**WHAT IS EXPECTED**
For the entries below, report the number of lines containing "Blue", without any other content.
EXCERPTED RECORDS: Begin
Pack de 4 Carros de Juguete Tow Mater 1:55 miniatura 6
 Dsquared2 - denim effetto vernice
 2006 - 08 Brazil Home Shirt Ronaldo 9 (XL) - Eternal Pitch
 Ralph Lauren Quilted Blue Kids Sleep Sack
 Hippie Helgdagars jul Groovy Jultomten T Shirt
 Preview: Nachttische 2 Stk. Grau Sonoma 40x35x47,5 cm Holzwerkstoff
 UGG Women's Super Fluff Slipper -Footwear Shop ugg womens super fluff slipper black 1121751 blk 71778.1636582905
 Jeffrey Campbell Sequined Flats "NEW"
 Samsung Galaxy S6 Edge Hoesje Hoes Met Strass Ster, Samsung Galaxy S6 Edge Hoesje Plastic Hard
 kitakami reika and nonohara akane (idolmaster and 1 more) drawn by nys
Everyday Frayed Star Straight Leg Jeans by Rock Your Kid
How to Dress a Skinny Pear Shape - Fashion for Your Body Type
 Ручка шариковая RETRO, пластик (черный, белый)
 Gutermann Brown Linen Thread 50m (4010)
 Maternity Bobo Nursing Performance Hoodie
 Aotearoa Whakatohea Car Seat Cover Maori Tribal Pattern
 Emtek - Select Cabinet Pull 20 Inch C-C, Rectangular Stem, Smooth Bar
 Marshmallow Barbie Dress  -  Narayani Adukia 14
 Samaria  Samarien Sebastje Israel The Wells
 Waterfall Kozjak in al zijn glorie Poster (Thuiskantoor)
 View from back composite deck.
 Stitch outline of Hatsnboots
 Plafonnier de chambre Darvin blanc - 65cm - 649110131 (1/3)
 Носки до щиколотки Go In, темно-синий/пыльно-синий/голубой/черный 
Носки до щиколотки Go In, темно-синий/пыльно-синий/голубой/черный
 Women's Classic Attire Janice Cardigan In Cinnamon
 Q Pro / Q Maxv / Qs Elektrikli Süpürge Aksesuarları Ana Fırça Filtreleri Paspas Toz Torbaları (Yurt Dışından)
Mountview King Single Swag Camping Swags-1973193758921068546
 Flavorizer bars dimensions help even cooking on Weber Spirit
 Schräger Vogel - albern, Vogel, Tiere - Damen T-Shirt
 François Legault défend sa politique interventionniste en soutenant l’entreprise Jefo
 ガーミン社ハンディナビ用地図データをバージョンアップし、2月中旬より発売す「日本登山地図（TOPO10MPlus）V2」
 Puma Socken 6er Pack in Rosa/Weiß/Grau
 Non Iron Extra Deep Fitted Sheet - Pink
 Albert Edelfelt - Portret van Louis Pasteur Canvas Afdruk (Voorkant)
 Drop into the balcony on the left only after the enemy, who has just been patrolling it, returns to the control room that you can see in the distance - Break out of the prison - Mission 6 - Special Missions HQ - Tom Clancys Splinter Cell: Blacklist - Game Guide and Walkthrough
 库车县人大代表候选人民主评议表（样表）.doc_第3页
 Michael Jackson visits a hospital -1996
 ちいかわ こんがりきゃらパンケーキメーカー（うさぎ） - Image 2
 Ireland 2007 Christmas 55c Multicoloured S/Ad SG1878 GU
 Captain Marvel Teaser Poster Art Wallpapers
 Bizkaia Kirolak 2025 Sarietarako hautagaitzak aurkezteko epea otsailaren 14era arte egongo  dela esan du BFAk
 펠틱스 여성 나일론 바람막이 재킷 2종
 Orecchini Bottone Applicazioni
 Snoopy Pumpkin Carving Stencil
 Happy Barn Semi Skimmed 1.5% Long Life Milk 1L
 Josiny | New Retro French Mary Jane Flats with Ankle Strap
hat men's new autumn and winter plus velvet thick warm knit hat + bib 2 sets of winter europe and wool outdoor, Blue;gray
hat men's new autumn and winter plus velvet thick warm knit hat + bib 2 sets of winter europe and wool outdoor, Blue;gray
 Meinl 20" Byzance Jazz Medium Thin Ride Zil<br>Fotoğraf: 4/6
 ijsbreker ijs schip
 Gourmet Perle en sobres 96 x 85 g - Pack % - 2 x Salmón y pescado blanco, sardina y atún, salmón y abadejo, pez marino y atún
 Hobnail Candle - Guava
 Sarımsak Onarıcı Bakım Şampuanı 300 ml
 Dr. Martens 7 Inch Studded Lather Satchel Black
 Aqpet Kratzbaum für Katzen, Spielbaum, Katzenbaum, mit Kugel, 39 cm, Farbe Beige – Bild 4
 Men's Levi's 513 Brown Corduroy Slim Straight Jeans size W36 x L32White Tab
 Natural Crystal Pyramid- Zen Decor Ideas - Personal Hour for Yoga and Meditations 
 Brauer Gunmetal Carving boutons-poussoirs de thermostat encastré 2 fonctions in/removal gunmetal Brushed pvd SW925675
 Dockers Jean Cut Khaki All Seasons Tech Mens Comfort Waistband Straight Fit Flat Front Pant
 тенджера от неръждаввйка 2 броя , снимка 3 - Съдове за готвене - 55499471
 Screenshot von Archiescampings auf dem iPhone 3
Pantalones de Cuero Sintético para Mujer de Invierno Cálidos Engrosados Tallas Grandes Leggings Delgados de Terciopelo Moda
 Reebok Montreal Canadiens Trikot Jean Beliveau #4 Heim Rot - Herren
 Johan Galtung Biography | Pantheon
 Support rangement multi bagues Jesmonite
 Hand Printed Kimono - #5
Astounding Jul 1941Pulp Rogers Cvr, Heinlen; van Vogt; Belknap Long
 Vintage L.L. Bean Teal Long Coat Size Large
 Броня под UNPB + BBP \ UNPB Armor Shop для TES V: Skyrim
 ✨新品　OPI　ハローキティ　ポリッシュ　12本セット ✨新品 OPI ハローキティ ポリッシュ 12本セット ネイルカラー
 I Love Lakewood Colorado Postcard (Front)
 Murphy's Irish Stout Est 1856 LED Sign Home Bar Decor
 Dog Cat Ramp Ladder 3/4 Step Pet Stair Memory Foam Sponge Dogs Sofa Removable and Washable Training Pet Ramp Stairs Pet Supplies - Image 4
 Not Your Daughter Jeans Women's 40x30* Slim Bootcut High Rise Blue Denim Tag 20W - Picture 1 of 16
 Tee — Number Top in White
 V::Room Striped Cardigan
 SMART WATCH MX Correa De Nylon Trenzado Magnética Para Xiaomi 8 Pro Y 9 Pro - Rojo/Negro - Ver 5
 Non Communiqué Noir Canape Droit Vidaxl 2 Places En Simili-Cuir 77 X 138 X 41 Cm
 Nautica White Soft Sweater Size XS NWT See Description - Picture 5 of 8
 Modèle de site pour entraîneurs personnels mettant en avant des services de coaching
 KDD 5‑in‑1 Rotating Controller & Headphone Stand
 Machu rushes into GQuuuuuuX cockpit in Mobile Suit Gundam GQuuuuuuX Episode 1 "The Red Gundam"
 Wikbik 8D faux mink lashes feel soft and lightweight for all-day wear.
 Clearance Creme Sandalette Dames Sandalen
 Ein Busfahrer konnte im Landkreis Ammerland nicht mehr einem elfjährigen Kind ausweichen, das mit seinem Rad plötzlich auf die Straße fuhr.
EXCERPTED RECORDS: End
**RESPONSE TO THIS EXERCISE**
4